We can now forget our preliminary ideas of the meaning of the p(A) in F. Instead we can apply the three postulates A, B, C to the lattice G of meta-events. After having thus given an interpretation (in the preliminary sense) to the p in G, we use (8.2) to deduce an interpretation of the p in F. It is exactly what postulate D says: p(A) is the expectation value of the relative frequency of A. If we now remember again how we would have interpreted the p in F without this construction, we would only have used A, B, C This preliminary concept is now justified as a weaker formulation of D. The concepts ‘practically,’ ‘approximately,’ ‘expectation’ can now be more precisely interpreted by estimating probable errors. The mathematical “law of large numbers” proves that the expectation values of these errors tend to zero as N increases.

What have we gained epistemologically? We have not gotten rid of the imprecise preliminary concepts, we have merely transferred the lack of precision from events to meta-events, i.e., to large ensembles of events. The physical semantics for probabilities rest on the preliminary semantics for meta-probabilities. This is a more precise expression of our earlier statement, that a probability can only be empirically tested with some degree of probability. The solution of the paradox lies in its acceptance as a phenomenon; no theory of empirical probabilities can be meaningfully expected to yield more than this justification, which at least makes its consistency more evident.

If we wish, we can iterate our process and call this ladder of meta-probabilities a “recursive definition” of probability. While a typical recursive definition offers a fixed starting point (n = 1) and a rule of recursion from n + 1 to n, the recursion here can go as high as we like. At some step of the ladder we must halt and rely on the preliminary concepts. Due to the “law of large numbers” it will suffice for this highest step to postulate A and B. This will yield A, B, and C for the next lower step, and D for the ones below that.

8.3 Empirical Determination of Probabilities

We distinguish the probability of an event from the probability of a rule, but assume, however, (in contrast to Carnap’s 1962 Footnote 7) that the two quantities are of exactly the same nature but at different levels of the application. The probability of an event x is the prediction (the expectation value) of the relative frequency f(x) with which an event of this type x will occur, upon frequent repetitions of the experiment in which x can happen. The content of a rule (an “empirical law of nature”) is the specification of probabilities of events. Rules always specify conditional probabilities: “If y then x will occur with the probability p(x).” But in the same way, by the conditional probability one also means the probability of an event. After all, the relative probability can only be measured if “the same” experiment is always performed, i.e., if equivalent conditions are realized. One can say that empirically testable probabilities are by nature conditional probabilities. The probability of a rule is now meant as the probability that the rule is ‘true.’ An empirical rule is true if it proves itself in experience. Its probability is then the prediction of the relative frequency with which just that rule R proves itself, upon frequent repetitions of the same empirical situation for testing that rule. This initially formal definition we have only to elucidate in detail, and we naturally arrive at an interpretation of Bayes’ rule. What we are looking for can simply be called an iterated probability P(p(x)). In Zeit und Wissen II.4.4bFootnote 8 we will see that one does better to speak of a “higher-order probability” P(f(x)). For the present discussion such finesse does not matter.
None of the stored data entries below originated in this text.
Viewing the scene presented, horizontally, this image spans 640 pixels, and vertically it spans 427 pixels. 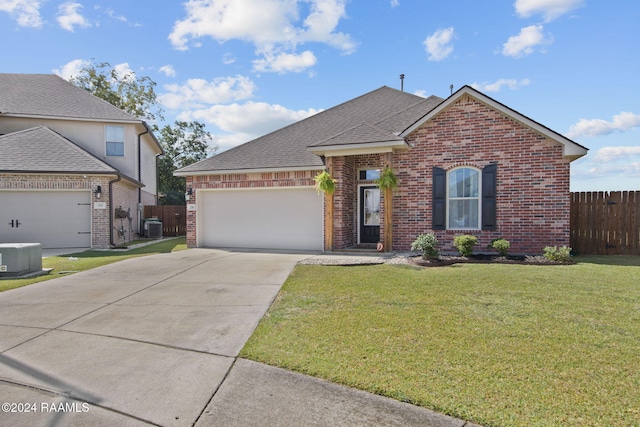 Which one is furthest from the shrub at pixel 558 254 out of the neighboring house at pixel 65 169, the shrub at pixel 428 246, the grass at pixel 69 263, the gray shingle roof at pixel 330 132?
the neighboring house at pixel 65 169

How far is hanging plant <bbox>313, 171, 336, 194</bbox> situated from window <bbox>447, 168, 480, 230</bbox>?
339cm

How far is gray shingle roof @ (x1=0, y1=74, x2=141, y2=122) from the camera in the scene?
17.1 meters

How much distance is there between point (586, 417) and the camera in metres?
2.56

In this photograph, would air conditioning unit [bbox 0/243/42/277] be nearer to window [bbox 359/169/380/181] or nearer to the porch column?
the porch column

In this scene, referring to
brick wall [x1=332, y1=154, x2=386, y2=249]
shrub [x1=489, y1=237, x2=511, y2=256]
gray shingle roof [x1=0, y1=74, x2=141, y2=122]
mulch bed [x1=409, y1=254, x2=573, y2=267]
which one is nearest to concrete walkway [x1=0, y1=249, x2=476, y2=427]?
mulch bed [x1=409, y1=254, x2=573, y2=267]

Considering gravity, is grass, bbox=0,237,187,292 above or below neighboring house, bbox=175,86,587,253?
below

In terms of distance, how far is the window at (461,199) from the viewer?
1023 cm

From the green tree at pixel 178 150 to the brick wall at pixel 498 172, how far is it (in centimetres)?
2868

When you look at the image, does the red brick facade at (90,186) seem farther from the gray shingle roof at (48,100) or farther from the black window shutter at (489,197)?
the black window shutter at (489,197)

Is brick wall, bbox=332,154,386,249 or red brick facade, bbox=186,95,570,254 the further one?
brick wall, bbox=332,154,386,249

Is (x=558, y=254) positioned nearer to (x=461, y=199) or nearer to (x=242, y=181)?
(x=461, y=199)

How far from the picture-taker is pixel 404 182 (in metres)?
11.0

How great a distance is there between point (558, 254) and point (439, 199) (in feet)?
10.6

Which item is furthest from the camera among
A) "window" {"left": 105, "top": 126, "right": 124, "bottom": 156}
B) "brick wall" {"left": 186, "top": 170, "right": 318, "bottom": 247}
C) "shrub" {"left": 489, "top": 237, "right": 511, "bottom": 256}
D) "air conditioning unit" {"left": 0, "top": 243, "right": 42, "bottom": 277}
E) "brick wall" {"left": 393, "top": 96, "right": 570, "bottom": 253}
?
"window" {"left": 105, "top": 126, "right": 124, "bottom": 156} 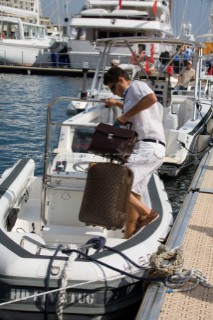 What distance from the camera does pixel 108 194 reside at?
4.45 m

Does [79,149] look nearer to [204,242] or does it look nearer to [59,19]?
[204,242]

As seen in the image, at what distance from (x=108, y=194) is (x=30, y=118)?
44.3ft

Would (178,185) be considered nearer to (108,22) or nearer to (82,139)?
(82,139)

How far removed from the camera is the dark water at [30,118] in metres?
9.83

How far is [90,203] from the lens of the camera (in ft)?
14.9

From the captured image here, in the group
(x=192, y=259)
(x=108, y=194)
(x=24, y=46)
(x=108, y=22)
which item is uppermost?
(x=108, y=22)

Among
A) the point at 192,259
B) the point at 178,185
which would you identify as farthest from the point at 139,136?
the point at 178,185

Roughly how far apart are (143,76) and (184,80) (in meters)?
2.98

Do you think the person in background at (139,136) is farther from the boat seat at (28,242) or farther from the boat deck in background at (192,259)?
the boat seat at (28,242)

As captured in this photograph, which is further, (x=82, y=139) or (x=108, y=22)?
(x=108, y=22)

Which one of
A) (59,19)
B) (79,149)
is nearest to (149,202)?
(79,149)

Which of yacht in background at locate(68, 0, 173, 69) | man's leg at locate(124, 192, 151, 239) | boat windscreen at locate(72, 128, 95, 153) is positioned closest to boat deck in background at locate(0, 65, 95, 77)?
yacht in background at locate(68, 0, 173, 69)

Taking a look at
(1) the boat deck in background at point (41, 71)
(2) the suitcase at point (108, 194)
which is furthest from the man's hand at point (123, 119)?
(1) the boat deck in background at point (41, 71)

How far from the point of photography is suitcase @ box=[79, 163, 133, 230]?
14.5 feet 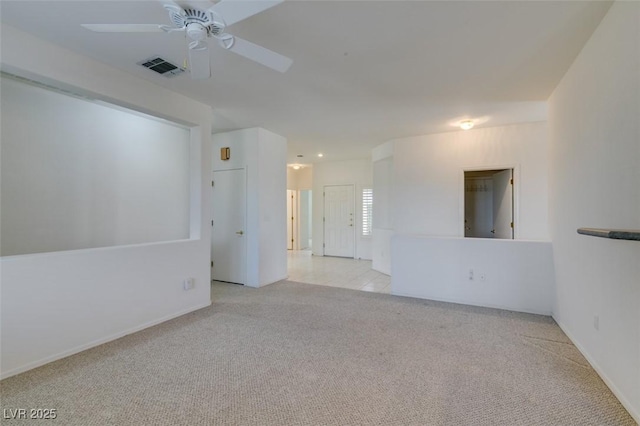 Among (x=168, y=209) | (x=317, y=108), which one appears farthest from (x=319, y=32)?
(x=168, y=209)

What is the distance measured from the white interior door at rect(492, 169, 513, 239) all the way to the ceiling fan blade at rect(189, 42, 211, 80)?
15.0ft

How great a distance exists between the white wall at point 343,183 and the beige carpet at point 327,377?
14.1 feet

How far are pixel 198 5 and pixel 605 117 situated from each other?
9.18 feet

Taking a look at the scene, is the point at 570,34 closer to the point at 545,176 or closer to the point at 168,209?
the point at 545,176

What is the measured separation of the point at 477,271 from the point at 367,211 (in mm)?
3770

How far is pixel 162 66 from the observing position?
109 inches

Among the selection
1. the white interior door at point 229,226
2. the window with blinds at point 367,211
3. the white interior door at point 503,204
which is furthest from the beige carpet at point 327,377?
the window with blinds at point 367,211

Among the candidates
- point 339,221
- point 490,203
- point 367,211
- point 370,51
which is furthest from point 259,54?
point 339,221

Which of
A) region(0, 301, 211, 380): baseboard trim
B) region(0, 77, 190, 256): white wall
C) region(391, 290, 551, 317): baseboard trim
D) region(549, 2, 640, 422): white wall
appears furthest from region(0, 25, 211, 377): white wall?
region(549, 2, 640, 422): white wall

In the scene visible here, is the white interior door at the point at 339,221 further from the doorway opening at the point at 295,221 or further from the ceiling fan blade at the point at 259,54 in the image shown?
the ceiling fan blade at the point at 259,54

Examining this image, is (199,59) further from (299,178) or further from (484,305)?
(299,178)

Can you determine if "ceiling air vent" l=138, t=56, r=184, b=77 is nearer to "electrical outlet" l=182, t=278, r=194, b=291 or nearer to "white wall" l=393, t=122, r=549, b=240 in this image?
"electrical outlet" l=182, t=278, r=194, b=291

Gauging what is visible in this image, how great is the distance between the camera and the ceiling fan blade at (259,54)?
1839 millimetres

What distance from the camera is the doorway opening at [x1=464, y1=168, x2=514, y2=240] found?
4.71 meters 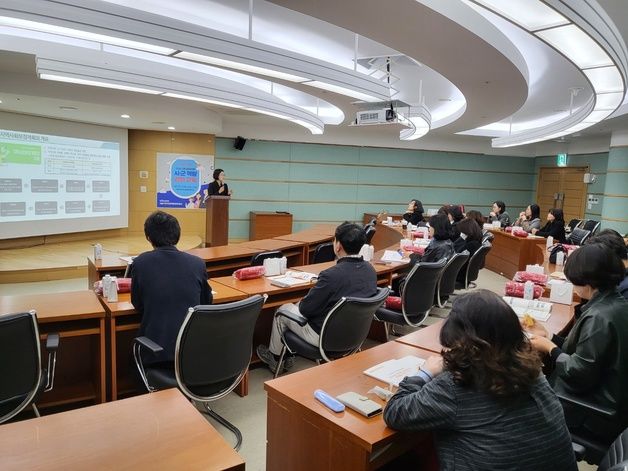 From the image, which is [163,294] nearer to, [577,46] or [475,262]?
[577,46]

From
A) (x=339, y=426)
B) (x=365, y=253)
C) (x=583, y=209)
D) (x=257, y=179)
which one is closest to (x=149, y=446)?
(x=339, y=426)

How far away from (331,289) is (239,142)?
7.77m

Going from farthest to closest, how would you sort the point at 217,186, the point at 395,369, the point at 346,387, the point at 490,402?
the point at 217,186, the point at 395,369, the point at 346,387, the point at 490,402

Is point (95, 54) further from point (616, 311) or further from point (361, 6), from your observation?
point (616, 311)

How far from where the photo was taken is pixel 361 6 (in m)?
2.98

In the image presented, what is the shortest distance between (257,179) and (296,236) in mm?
4342

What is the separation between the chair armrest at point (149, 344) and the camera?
91.0 inches

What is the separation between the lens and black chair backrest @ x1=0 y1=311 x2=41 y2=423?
1.93 m

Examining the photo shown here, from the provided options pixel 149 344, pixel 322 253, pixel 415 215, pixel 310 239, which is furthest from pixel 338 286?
pixel 415 215

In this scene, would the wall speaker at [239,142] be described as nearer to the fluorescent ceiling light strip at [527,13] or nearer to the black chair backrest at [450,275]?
the black chair backrest at [450,275]

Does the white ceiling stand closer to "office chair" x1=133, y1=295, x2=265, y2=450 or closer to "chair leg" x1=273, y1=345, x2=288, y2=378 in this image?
"office chair" x1=133, y1=295, x2=265, y2=450

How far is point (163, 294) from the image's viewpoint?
8.25ft

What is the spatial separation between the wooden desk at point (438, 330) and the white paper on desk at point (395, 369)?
180 millimetres

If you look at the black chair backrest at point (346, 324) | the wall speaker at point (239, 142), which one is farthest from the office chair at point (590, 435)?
the wall speaker at point (239, 142) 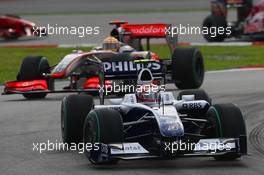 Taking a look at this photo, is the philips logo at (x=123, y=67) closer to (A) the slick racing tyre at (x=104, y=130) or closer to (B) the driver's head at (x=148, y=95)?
(B) the driver's head at (x=148, y=95)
One can (and in general will) approach the empirical determination of a probability from a starting point that expresses the prior knowledge. Methodologically we remember that an objective, empirically testable probability is at the same time related to the prior knowledge of a subject. As an example we choose two dice, each successively thrown once. Observers A and B are to state the probabilities for obtaining a 12, A before the double throw, B, however, after the first die had been cast. A gives p(12) = 1/36, B on the average in one sixth of the cases p(12) = 1/6, on the average in five sixths of the cases p(12) = 0. Empirically both are correct as they refer to different statistical ensembles due to different prior knowledge.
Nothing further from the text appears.